— Exercise aim —
All lines from the one containing "Men at the Ku Klux Klan Information Center" down to the one containing "Van Cleef &", both ends included, are to be given again exactly; omit the rest of the listing below.

— Dataset entries —
----
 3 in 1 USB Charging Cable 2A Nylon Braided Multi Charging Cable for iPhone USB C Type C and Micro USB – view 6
----
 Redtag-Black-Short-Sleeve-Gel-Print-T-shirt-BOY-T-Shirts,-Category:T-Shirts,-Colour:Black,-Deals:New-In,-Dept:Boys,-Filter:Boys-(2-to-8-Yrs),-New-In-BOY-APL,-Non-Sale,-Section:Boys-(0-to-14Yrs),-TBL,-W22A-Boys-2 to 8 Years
----
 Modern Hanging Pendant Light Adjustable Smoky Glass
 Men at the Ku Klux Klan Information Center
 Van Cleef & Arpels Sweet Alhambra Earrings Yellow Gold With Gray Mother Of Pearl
----
— Output for this task —
 Men at the Ku Klux Klan Information Center
 Van Cleef & Arpels Sweet Alhambra Earrings Yellow Gold With Gray Mother Of Pearl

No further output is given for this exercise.